Britain is under threat from a rising tide of "militant secularisation", a cabinet minister has warned.
Conservative co-chairwoman Baroness Warsi will say during an official visit to the Vatican that religion must be given a greater role in public life.
She warns in the Daily Telegraph that religion is being sidelined and will highlight the issue in a speech later.
Her visit marks the 30th anniversary of the re-establishment of full diplomatic ties between Britain and the Vatican.
The Tory peer will use her speech - the first to the Pontifical Ecclesiastical Academy by an outside minister - to call for Europe to become more "confident in its Christianity".
"In order to encourage social harmony, people need to feel stronger in their religious identities, more confident in their beliefs," she is due to say.
"In practice this means individuals not diluting their faiths and nations not denying their religious heritages.
"If you take this thought to its conclusion then the idea you're left with is this: Europe needs to become more confident in its Christianity."
Faith schoolsBaroness Warsi said examples of a "militant secularisation" taking hold of society included when signs of religion cannot be displayed or worn in government buildings, and when states will not fund faith schools.
Her comments come days after the High Court ruled that a Devon town council acted unlawfully by allowing prayers to be said at meetings.
And - as the BBC's religious affairs correspondent Robert Pigott reports - the Church of England could soon lose its traditional role as the provider of the chief chaplain to the Prison Service.
The Ministry of Justice has confirmed it is "considering arrangements" for appointing a new Chaplain-General - but the job might not go to an Anglican.
Our correspondent says the move may be seen by some Anglicans as the latest sign of the reduced influence of the "established" Church of England in public affairs.
The speech by Lady Warsi, Britain's first female Muslim Cabinet minister, will also compare the intolerance of religion with totalitarian regimes.
BBC political correspondent Louise Stewart said it was not the first time a senior Conservative had called for a revival of traditional Christian values.
"Last December, Prime Minister David Cameron said the UK was a Christian country and 'should not be afraid to say so'," she said.
Lady Warsi's two-day delegation of seven British ministers to the Holy See will include an audience with Pope Benedict XVI, who visited the UK in 2010.

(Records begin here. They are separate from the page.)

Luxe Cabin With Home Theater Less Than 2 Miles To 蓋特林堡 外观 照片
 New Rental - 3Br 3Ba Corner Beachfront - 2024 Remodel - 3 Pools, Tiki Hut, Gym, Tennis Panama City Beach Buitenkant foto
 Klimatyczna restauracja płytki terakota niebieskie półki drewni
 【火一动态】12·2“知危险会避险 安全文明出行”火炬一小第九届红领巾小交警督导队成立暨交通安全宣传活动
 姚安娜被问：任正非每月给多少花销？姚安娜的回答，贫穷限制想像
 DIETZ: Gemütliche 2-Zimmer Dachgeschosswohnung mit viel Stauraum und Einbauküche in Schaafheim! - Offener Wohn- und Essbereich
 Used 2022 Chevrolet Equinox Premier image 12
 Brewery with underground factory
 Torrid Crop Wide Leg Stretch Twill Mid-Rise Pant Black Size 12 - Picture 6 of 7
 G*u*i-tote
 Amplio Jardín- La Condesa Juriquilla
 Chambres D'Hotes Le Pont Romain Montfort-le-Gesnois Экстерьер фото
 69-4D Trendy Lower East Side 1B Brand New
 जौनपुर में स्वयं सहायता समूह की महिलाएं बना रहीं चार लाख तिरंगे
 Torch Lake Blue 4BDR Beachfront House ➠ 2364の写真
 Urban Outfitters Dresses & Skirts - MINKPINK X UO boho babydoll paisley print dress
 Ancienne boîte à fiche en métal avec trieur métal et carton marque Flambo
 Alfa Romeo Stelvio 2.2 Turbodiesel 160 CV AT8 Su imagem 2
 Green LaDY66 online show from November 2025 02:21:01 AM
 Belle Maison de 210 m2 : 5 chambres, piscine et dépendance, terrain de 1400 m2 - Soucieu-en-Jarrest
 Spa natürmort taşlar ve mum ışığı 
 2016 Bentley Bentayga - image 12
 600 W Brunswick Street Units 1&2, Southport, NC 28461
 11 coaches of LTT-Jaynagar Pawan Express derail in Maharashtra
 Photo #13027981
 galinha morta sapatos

Meanwhile, new research suggests Britons who declare themselves Christian display low levels of belief and practice.
Almost three quarters of the 1,136 people polled by Ipsos Mori agreed that religion should not influence public policy, and 92% agreed the law should apply to everyone equally, regardless of their personal beliefs.
It also found that 61% of Christians agreed homosexuals should have the same legal rights in all aspects of their lives as heterosexuals.
And a further 62% were in favour of a woman's right to have an abortion within the legal time limit.
The survey was conducted for the Richard Dawkins Foundation for Reason and Science (UK), which describes itself as promoting "scientific education, rationalism and humanism".